After a warm-up of gentle spinning, begin cycling at a wattage that you think you can sustain for a maximum duration of five minutes. Stop at a minute marker when you cannot continue for another full minute. Repeat the workout in two to three weeks and see if you can add an extra minute of cycling to the same wattage.

Tabata Intervals from Triathlete

Tabata intervals are the most time-efficient workouts ever created and can be practiced through indoor cycling in the following exercise.

Begin with a five minute warm-up of easy spinning. Then, increase the tension or gear ratio and sprint for 20 seconds, resting for just 10 seconds before beginning the next interval. Aim to complete a total of eight intervals in this way. A cool down of easy spinning at the end of your workout is optional.

Power Intervals from Bicycling

Another short and very challenging indoor cycling workout at maximum effort, these power intervals are effective because they do not provide you with enough time to recover between sprints. The number of sets you should complete will depend on your experience level: beginners should aim for just two, intermediate cyclists can try for four, and advanced athletes can go for five. If you cannot maintain your power output throughout each set to within 12 percent, try cycling fewer sets.

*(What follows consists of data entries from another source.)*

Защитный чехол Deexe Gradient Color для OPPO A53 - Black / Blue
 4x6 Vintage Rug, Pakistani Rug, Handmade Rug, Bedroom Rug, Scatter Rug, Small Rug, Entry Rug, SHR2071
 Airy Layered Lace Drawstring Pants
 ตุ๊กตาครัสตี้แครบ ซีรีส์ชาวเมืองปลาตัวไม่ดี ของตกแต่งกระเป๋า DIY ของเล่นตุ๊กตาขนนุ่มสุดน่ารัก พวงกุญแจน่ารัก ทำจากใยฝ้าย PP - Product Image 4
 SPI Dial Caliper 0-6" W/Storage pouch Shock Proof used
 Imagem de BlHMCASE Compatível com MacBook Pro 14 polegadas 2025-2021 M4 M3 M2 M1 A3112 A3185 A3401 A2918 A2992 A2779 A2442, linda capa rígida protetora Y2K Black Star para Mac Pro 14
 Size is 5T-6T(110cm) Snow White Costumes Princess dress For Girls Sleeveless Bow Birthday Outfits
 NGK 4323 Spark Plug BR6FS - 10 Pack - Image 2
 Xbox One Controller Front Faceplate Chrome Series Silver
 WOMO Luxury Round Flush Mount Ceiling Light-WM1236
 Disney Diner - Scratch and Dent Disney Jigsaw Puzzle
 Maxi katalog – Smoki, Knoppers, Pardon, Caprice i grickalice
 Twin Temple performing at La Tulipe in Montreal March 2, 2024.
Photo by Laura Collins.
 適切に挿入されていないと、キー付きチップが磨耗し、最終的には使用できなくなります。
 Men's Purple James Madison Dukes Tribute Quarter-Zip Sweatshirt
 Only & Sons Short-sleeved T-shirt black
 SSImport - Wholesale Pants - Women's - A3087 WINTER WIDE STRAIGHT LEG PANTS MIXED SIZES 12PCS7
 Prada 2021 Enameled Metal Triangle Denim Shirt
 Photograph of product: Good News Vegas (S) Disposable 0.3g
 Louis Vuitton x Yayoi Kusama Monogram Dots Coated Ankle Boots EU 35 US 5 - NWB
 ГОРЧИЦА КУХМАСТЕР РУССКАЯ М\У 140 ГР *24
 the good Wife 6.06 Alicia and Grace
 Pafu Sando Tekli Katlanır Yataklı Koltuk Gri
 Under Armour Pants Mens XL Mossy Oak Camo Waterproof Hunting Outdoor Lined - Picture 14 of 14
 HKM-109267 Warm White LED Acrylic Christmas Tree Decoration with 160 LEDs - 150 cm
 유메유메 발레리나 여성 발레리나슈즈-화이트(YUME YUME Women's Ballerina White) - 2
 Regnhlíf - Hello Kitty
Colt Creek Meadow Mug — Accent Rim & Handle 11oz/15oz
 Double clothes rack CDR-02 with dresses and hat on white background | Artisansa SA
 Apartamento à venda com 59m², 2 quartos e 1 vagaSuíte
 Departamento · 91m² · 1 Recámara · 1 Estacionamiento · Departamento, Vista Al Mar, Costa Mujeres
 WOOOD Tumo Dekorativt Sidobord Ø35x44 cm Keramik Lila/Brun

Begin with a warm-up of gentle spinning. Cycle a set of four intervals of 60 seconds at all-out effort with 90-second recovery between each one. Separate each set of four intervals with a six-minute recovery of easy spinning.

Given the many benefits of interval training for endurance athletes, interval is a great way to amp up your current indoor cycling routine. Give one of these workouts a try and see what you think!